• ABOUT THIS TASK:
Stop after the line with "Усилитель бампера передний"; until then, please copy every line of the records word for word from the first.

• DATA FOR PROCESSING:
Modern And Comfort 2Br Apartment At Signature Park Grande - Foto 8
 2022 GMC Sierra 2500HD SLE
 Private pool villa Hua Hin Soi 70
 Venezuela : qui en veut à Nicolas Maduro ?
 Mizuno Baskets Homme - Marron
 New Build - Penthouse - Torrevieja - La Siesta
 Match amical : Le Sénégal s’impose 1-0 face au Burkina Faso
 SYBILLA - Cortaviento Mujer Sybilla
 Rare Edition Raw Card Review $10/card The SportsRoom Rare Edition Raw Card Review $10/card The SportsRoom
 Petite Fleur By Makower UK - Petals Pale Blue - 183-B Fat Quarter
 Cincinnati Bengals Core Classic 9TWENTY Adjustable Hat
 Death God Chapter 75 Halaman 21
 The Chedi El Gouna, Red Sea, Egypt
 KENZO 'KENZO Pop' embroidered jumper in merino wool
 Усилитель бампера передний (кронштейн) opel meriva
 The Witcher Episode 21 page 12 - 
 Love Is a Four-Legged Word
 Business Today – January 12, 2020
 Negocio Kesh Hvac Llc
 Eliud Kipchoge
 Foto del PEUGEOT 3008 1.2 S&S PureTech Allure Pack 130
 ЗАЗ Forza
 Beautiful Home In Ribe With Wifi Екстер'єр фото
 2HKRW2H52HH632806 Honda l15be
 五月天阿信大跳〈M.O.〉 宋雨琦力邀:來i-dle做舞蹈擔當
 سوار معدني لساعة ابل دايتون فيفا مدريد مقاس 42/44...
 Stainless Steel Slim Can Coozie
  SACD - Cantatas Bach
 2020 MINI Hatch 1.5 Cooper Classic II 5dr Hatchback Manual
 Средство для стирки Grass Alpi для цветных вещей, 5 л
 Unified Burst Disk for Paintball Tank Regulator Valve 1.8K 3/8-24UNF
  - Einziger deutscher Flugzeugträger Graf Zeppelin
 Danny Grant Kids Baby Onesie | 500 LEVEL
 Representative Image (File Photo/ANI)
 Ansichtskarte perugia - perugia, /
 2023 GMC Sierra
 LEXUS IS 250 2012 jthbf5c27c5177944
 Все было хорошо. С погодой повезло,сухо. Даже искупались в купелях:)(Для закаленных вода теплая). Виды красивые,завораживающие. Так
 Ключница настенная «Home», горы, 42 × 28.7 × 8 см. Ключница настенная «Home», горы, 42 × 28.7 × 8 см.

• EXERCISE ANSWER:
Modern And Comfort 2Br Apartment At Signature Park Grande - Foto 8
 2022 GMC Sierra 2500HD SLE
 Private pool villa Hua Hin Soi 70
 Venezuela : qui en veut à Nicolas Maduro ?
 Mizuno Baskets Homme - Marron
 New Build - Penthouse - Torrevieja - La Siesta
 Match amical : Le Sénégal s’impose 1-0 face au Burkina Faso
 SYBILLA - Cortaviento Mujer Sybilla
 Rare Edition Raw Card Review $10/card The SportsRoom Rare Edition Raw Card Review $10/card The SportsRoom
 Petite Fleur By Makower UK - Petals Pale Blue - 183-B Fat Quarter
 Cincinnati Bengals Core Classic 9TWENTY Adjustable Hat
 Death God Chapter 75 Halaman 21
 The Chedi El Gouna, Red Sea, Egypt
 KENZO 'KENZO Pop' embroidered jumper in merino wool
 Усилитель бампера передний (кронштейн) opel meriva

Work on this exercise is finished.